### Data section

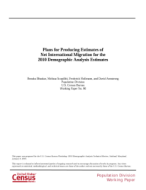 Plans for Producing Estimates of Net International Migration for the 2010 Demographic Analysis Estimates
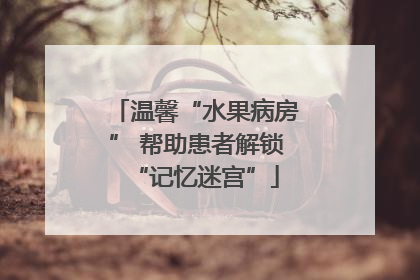 温馨“水果病房” 帮助患者解锁“记忆迷宫”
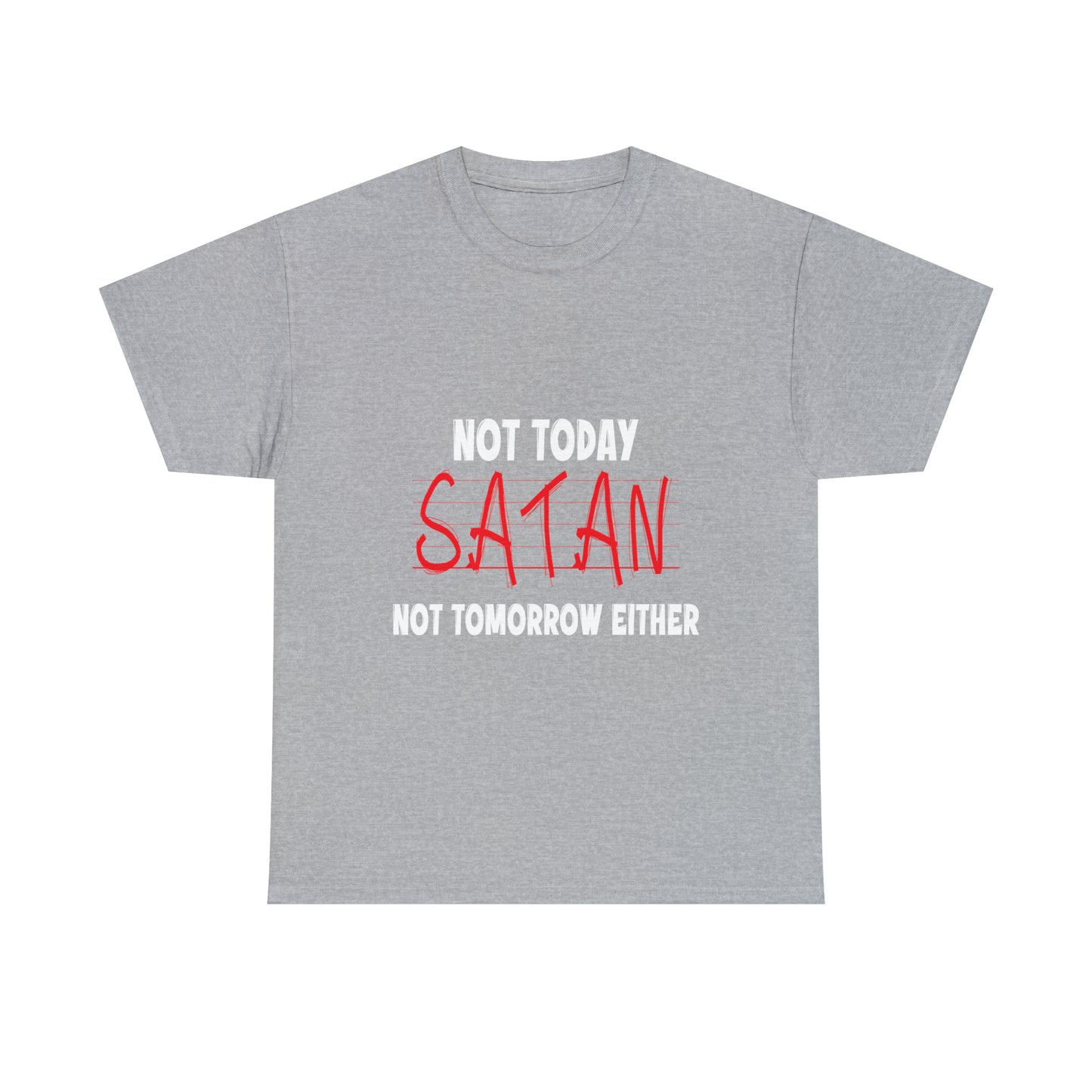 Not Today Satan Not Tomorrow Either  Unisex Heavy Cotton Tee Printify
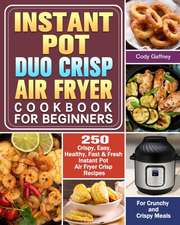 Instant Pot Duo Crisp Air Fryer Cookbook for Beginners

### Your task
The answer must be the exact lines from the line with "Not Today Satan" to the final line of the data, both ends included, with no pictures.

### Problem solution
 Not Today Satan Not Tomorrow Either  Unisex Heavy Cotton Tee Printify
 Instant Pot Duo Crisp Air Fryer Cookbook for Beginners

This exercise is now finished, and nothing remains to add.